How I Managed to Resist Punching Out a Pseudointellectual on the Red Line

Okay, I know it’s my own fault, but he started it. There I was nicely settled into my seat on the Red Line on my way to a class. I was dragging along my ridiculously heavy Anglo American Cataloging Rules in my super awesome Lucha Librarian tote bag (a lovely gift from Lauren and Eli).

This guy, one of those men with mere strips of luminescent skin peeking out from endless bushy dark hair, comments on my bag to his girlfriend who was wearing a sweatshirt emblazoned with some education institution or another. He says to her “lucha librarian? Cool. You know, like Lucha Libre. That’s Mexican wrestling.” I glance over, mostly to let them know I can hear them and say “Cool, huh?”

The girl smiles and tries to get her boyfriend to switch topics. However, he couldn’t be stopped and went on to describe a “lucha librarian” as being kinky. At this point, I began to hate this guy. Lucha libre is not kinky. They wear masks because they are superheroes, not for weirdo sexual reasons. Luchadors would be terribly offended. If only Il Santo was there to straighten him out. I decide to ignore him and try reading a book for one of my classes. It’s called A History of Reading and he clearly thought it was hilarious that someone with a librarian tote bag would be reading something about reading. Nearly as self referential as There’s a Monster at the End of This Book. Whatever, dude.

I get absorbed in my book for a little bit and come up for air in the middle of a rant about Barrack Obama and Socialism. He apparently believes that Obama is Socialist and that is a good thing because “look at Sweden or Australia.” Huh? Okay, fine. Then he nicely segues into the competition of the graduate level of education, except “not so much in school, but in work.” I can’t figure out what the hell he means by that, but his girlfriend was either rapt with attention or developed temporary deafness.

I drop into my book again and put it away just in time for a reason to truly dislike the guy. He says to his girlfriend “Do you know what pheromones are? Do you?” She murmurs a yes. He says “Oh yeah, then what are they? Huh?” She doesn’t answer so he goes on to explain that “pheromones are the scents given off by your metabolic system so that others can tell if you’re healthy or not.” Okay, pheromones are scents given off by animals (and I think occasionally plants) that illicit an involuntary response from other of the same species. My understanding is that they are usually hormonal, like dogs in heat and not particularly indicative of health, although an ill animal might not have healthy hormone levels. I think he may have been thinking of a recent study that suggested that people tend to be attracted to the scent of those who are not closely related. Anyway, I don’t really care that he was a little iffy on the definition, but that he used what he obviously felt to be his intellectual prowess to badger his girlfriend and make her feel stupid. That’s not okay.

He also kept looking at me, which makes me think he was hoping I’d acknowledge his coolness. Not until you learn how to treat other human beings, baby!


EliPunk77 said...

What a loser!
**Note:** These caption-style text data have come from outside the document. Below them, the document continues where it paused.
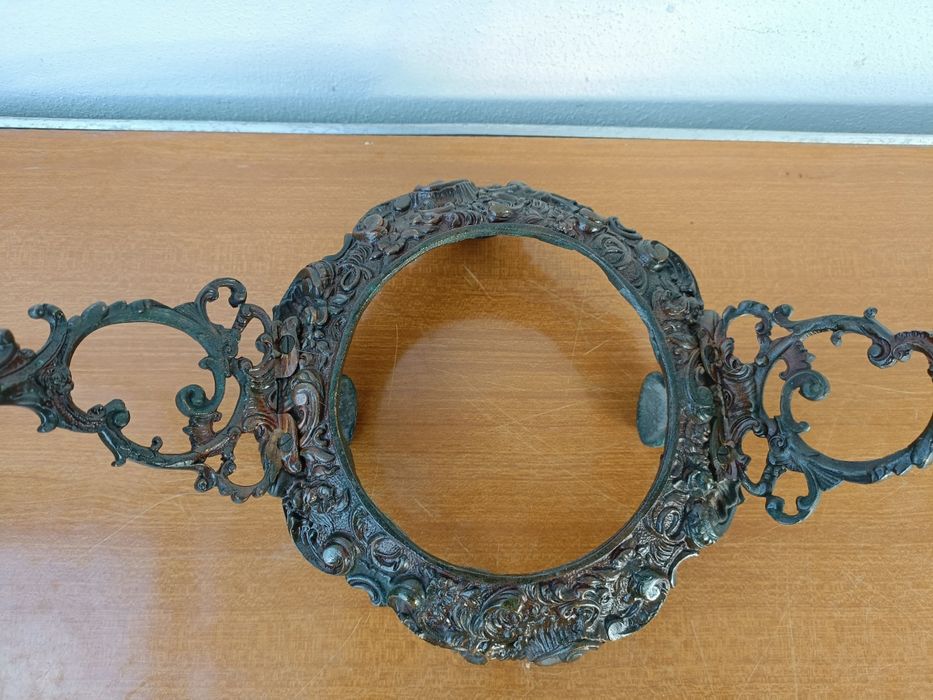 Peça ornamental em bronze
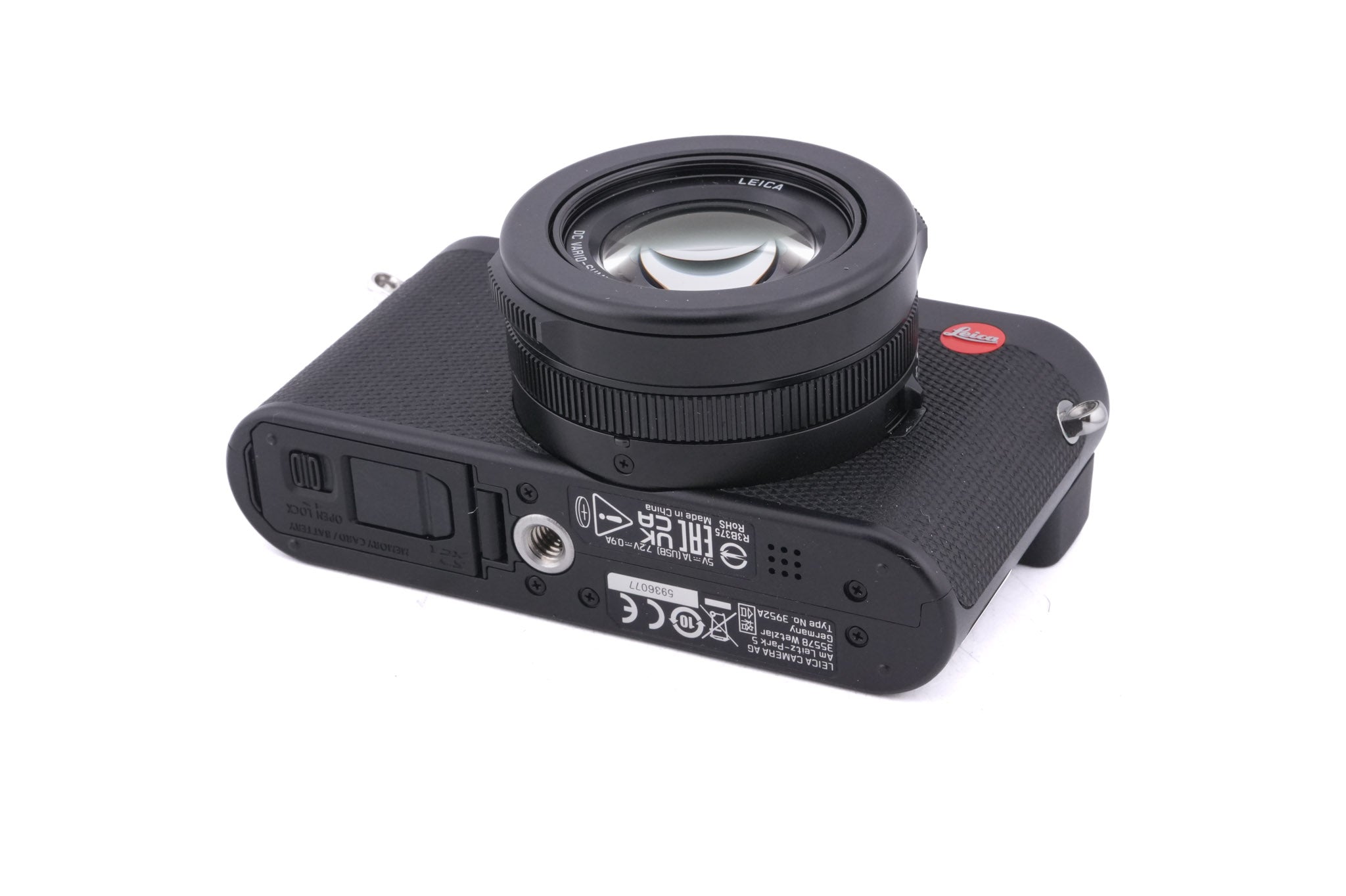 Leica D-Lux 8 + CF D Flash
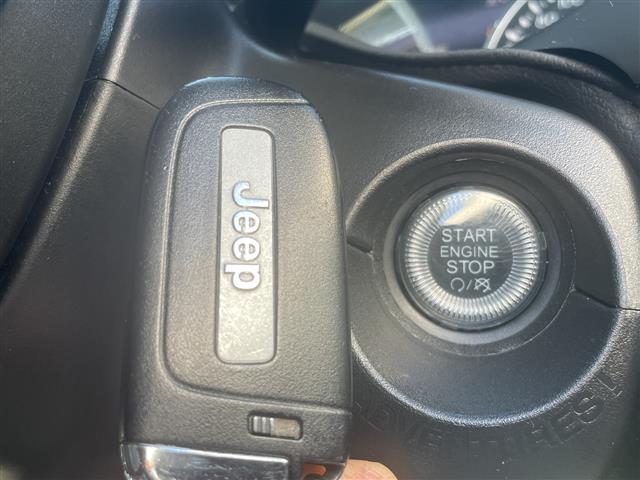 ジープ レネゲード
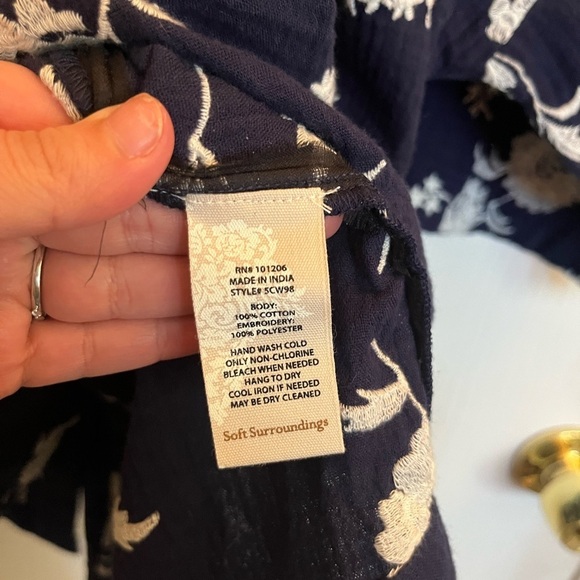 Soft Surroundings 1x Navy Blue With Embroidered Flower Blouse, Buttons On Back - Picture 6 of 11
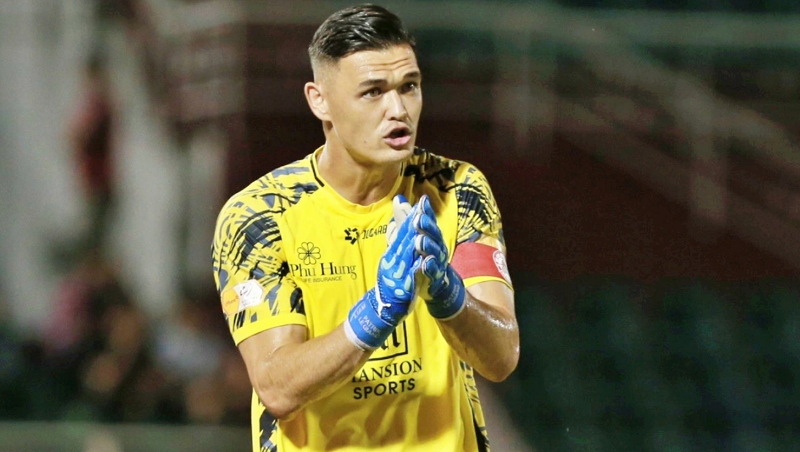 clb-tp-hcm-bat-luc-dung-cau-thu-dang-chan-thuong-thi-dau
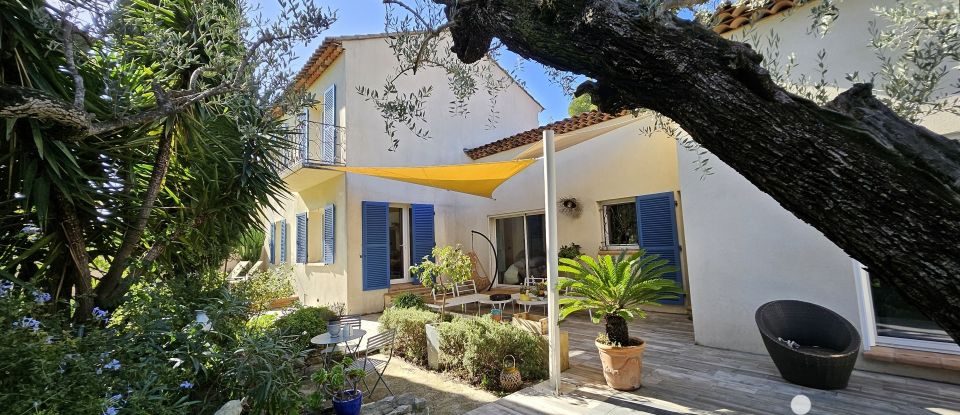 Maison 6 pièces de 239 m² à Sanary-sur-Mer (83110)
God I would've totally mugged the guy. I hate people like that but I must admit I'm happy the Lucha Librarian bag is such an attention getter...

Simen said...

You know, this guy sounds eerily like that douchebag who had a temp job with us for three months... He wasn't freakishly tall, with a bad ponytail and a Norwegian accent?

But yes, I can relate. Good thin you managed to restrain yourself, I know hard that is with those guys occasionally!